Claude 3.7 was released

Just now, Anthropic launched the first hybrid reasoning Claude 3.7 Sonnet, which is considered the strongest model for expanding thinking patterns. In the latest coding test, the new model beat o3-mini and DeepSeek R1, and the king of AI coding was born.

After holding back for more than half a year, Anthropic finally released its big move – the first hybrid inference model Claude 3.7 Sonnet made its debut!

This is the smartest model in the Claude series yet, capable of almost instant response and scalable, step-by-step thinking.

In short, one model, two ways of thinking.

Suppose you want to solve a game theory math problem, the Monty Hall problem, and give it to Claude 3.7 Sonnet, and then select the “Extended” mode at the same time.

It will then show the detailed CoT process, which was completed in 52 seconds.

The most important thing is that Claude 3.7 Sonnet is currently available to everyone for free, and the “Extended Thinking” mode is not yet online.

In multiple benchmark tests, Claude 3.7 Sonnet, enabled by the “Extended Thinking” mode, set new SOTA records in mathematics, physics, instruction execution, and programming.

Compared to the previous generation Claude 3.5 Sonnet, math and coding capabilities have increased by more than 10%.

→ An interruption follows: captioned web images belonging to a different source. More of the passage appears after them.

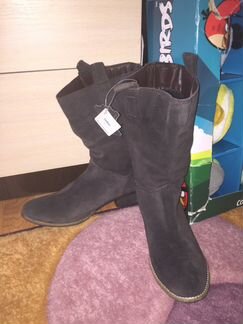 Сапоги демисезонные новые. Натуральная замша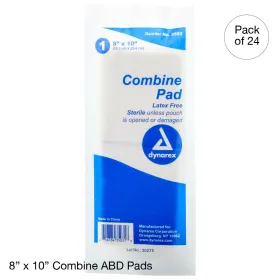 Combine ABD Pads, Sterile 8x10 (15 boxes of 24 pcs) 11-045-8x10-360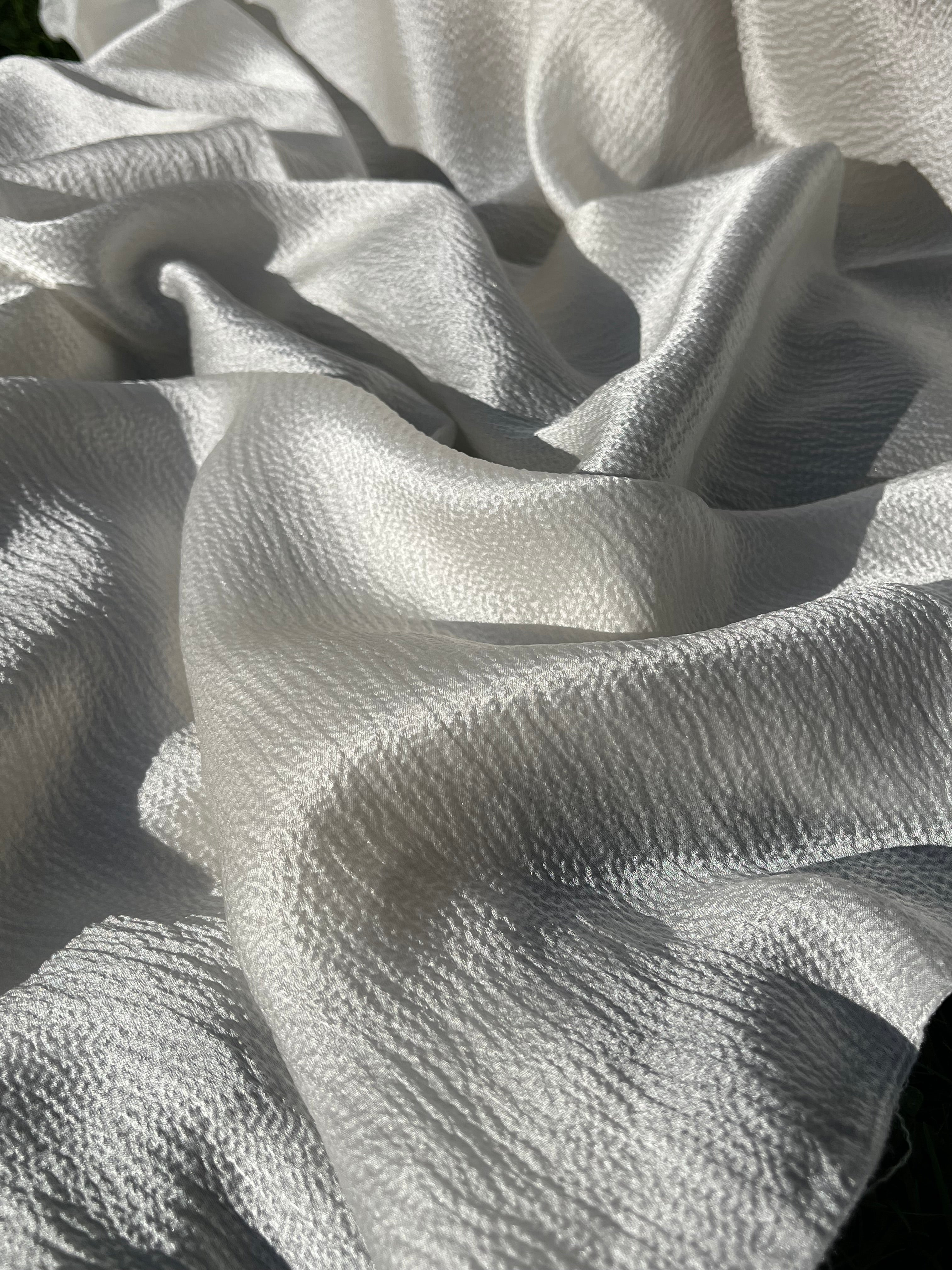 White Crinkle Effect Satin Pure Silk.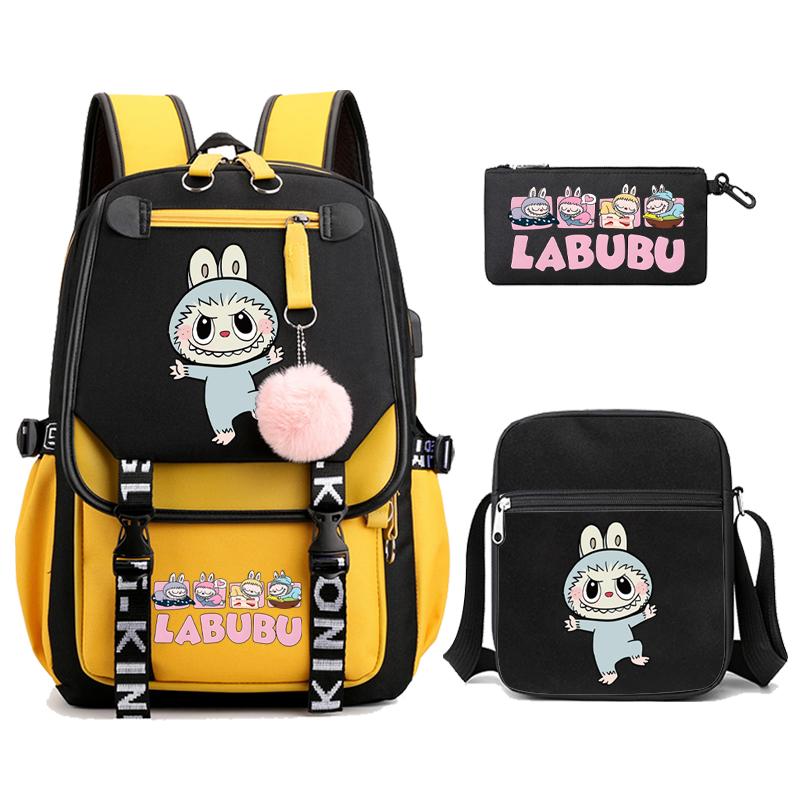 3Pcs/set Cute Printed Backpack with Shoulder Bag Pencil Case Schoolbag Teenager Student Boy Girl Large Capacity Bookbag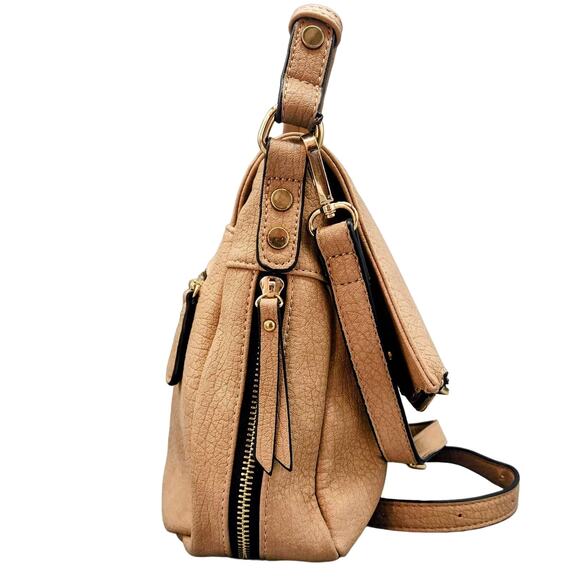 Urban Expressions Tan Faux-Leather Gold-Accents Zippered Shoulder/Handle Bag - Picture 3 of 7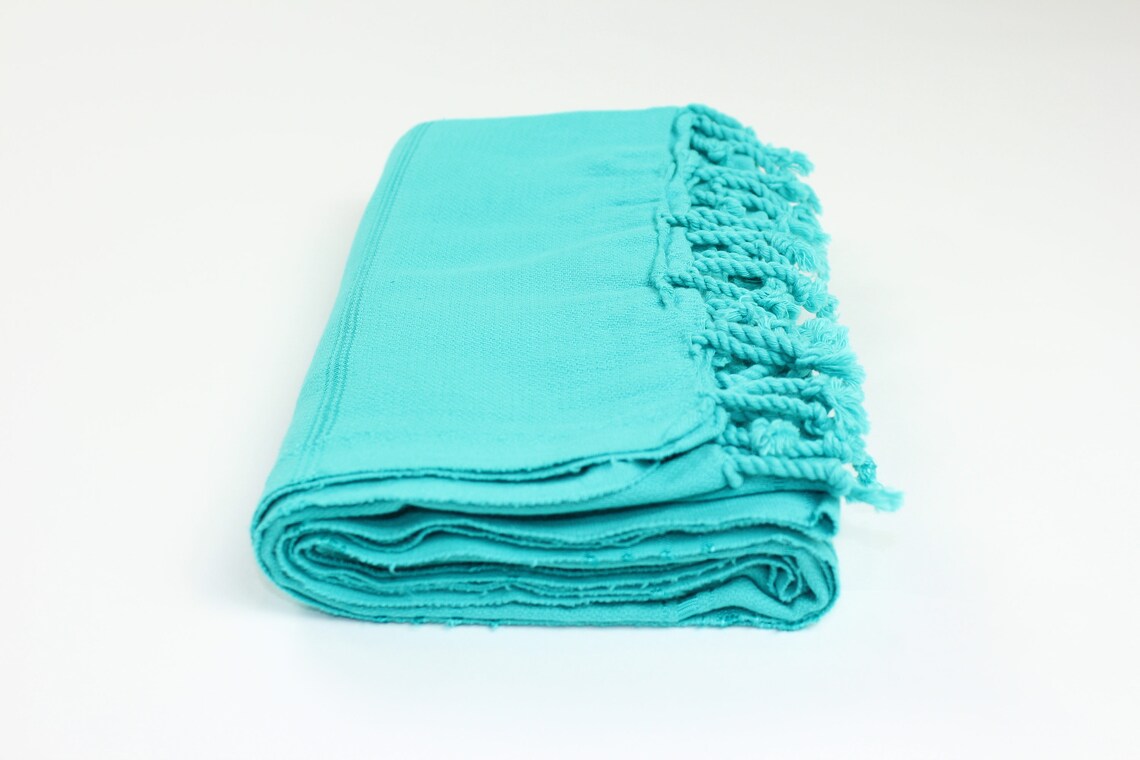 Premium Turkish Striped Towel Peshtemal Fouta (Turquoise Green)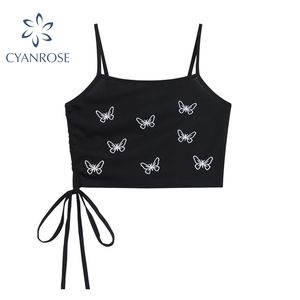 Womens Butterfly Print Y2K Black Camisole Sexig Vintage Streetwear Lace-Up Clubwear Spaghetti Strap Toppar Ärmlös Chic Camis 210417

Except for mathematics, Claude 3.7 Sonnet (64k extended thinking) almost completely crushes o3-mini, DeepSeek R1, and is comparable to Grok 3.

API users can precisely control the model’s think time

It can be said that Claude 3.7 Sonnet is the strongest “software engineering AI”. On the SWE-bench, it achieved a high score of 70.3%.

At the same time, the first “intelligent agent programming” tool Claude Code (preview version) was also released today.

Today, it has become an indispensable tool within Anthropic. In early tests, Claude completed a task that would take a human 45 minutes in a single try.

In other words, you are a product manager and AI works for you and writes code.

Although there is no Claude 4, Anthropic’s sudden play is indeed another shock to the AI world.

This half month is destined to be the most valuable for AI since the beginning of 2025.

Grok 3 was just released last week, DeepSeek was open source for 5 consecutive days this week, OpenAI GPT-4.5 is said to be online soon, and with Claude 3.7 Sonnet, the melee in the field of large models has begun again.

The world’s first “hybrid reasoning” model was born

In an official blog post, Anthropic stated that Claude 3.7 Sonnet is Anthropic’s smartest model to date and the first hybrid inference model on the market.

Claude 3.7 Sonnet can generate almost instant responses or step through detailed steps of the thought process that are visible to the user. API users can also fine-tune the model’s thinking time.

Claude 3.7 Sonnet has been significantly improved in terms of coding and front-end web development.

In addition, they also launched a command line tool called Claude Code for agent coding.

Currently available only as a limited research preview, Claude Code enables developers to delegate a wide range of engineering tasks to Claude directly from their terminal.

Reasoning is an overall LLM ability

The design concept of Claude 3.7 Sonnet is different from other inference models on the market.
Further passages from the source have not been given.